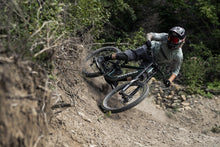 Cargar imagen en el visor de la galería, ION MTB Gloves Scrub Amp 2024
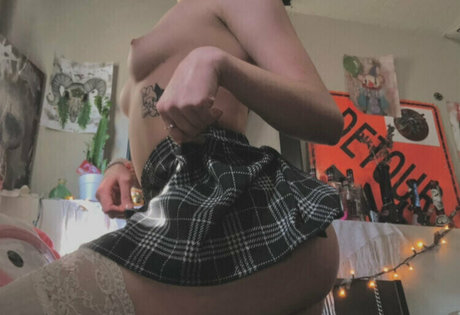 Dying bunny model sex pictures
* * *
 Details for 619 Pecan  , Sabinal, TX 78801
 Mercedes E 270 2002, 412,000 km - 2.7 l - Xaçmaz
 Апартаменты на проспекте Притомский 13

» **YOUR INSTRUCTIONS**
The lines to extract from the data above begin with the line containing "Mercedes E 270" and end with the line containing "Апартаменты на проспекте Притомский 13". Extract them exactly, including both.

» **ANSWER TO THE PROBLEM**
 Mercedes E 270 2002, 412,000 km - 2.7 l - Xaçmaz
 Апартаменты на проспекте Притомский 13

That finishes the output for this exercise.